Sunday, November 07, 2010
Cultural and Parental Differences
Travel can really bring out the best, and worst in people.
From the moment I stepped off the plane in Paris, I sensed that our kids were viewed as an annoyance. At first I thought that maybe it was only when the kids screamed, but I soon realized that our family was getting harsh stares from strangers even when our kids were good. As we walked through the Paris airport I became aware of how few kids I saw. Virtually none. This was in such sharp contrast to the Minneapolis airport we had just come from. Kids in strollers, a toy store for kids. Kids, kids, kids.
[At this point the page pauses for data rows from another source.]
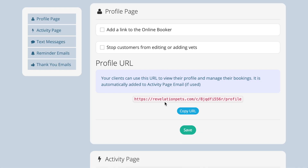If your clients already have an account in your customer database, they can access their customer account by using the registered email address and the password they have set up for the online booker and activity page.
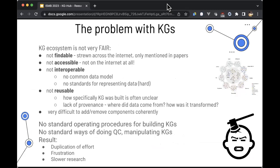So what's the problem? The ecosystem we've created as scientists is not very FAIR. KGs are not typically very findable — they're strewn across the internet or mentioned in passing in papers, making it hard to find a download URL, or they're not on the internet at all. If you can find them, they're typically not interoperable — there's no common data model everyone agrees on. They're not very reusable: how a KG was built is unclear, there's a lack of provenance, and it's difficult to add or remove components. There's no standard operating procedure for building KGs or doing QC, resulting in duplication of effort and slower research.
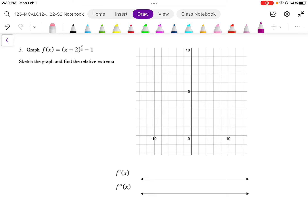Looking at this graph, I want to find the relative extrema — any min or max points. I'm going to solve for some zeros, but I also want to check what's happening at infinity. As x goes to positive infinity of f(x), this is going to be infinity to the power of 2/3, which is going to be infinity.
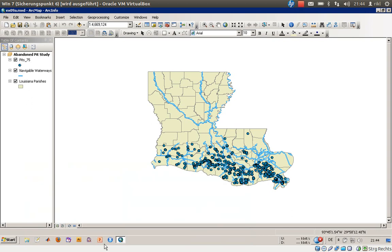Welcome everyone to exercise number 9a. In this exercise I would like to show you how to combine information about, on one hand, a spatial file like a shapefile, and on the other hand, something like a table — maybe you will find that in an old database or you have created it prior to your own spatial project.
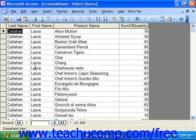For example, you would very rarely see in a good relational database the salesperson, the product, and the total sum of the quantity that they sold. That would be breaking some sort of relational database rule — one of the normalization guidelines. So most of the time, you actually make a query that has the information that you then run the crosstab on.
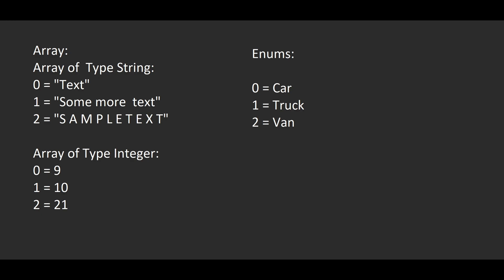Now arrays can store multiple variable types into a list or index, such as strings or integers. Enums on the other hand doesn't store a variable, but gives a name to an index in a list. You should be able to understand it when we get into the coding part.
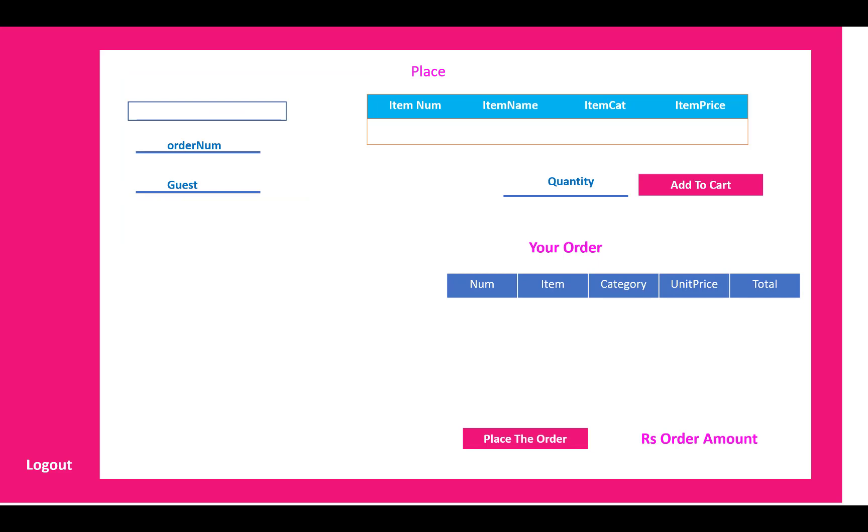After logging in, an admin or manager can see the item number, item name, item category and item price in the grid view. And also you can check the cart buttons.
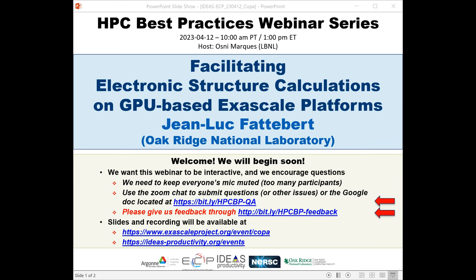He then went to North Carolina State University as a postdoc, moved to the Center for Applied Scientific Computing at Lawrence Livermore National Laboratory in California, and in 2017 he joined Oak Ridge. We have issued more than 100 tickets for today's webinar. All attendees have been muted upon entry. We'll be receiving questions through the Zoom chat and also Google Doc. We asked Jean-Luc to add breaks during his presentation so he can respond to questions that come in.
In the Paris airport I wanted to tell the people who were standing, staring at us intensely, "can you cut our family some slack? we just flew from Alaska." I wished there were paper signs around the kids which said, "Just flew from Alaska. May be Grumpy". Heck, I could've used one of those signs! During our 24 hours in Paris, I continued to get the feeling from Paris folks that kids were not really welcome. Or they should be seen (maybe) and definitely not heard. This was a bummer, as we had two young, tired kids.
As we boarded the train to Spain, the feeling towards kids changed almost immediately. People on the train were smiling at the kids and as we boarded several people helped with our bags and getting onto the train. In Barcelona there were kids everywhere-even late at night. We got lots of smile from strangers as we pushed the kids in their strollers. The whole cultural attitude is very different towards children.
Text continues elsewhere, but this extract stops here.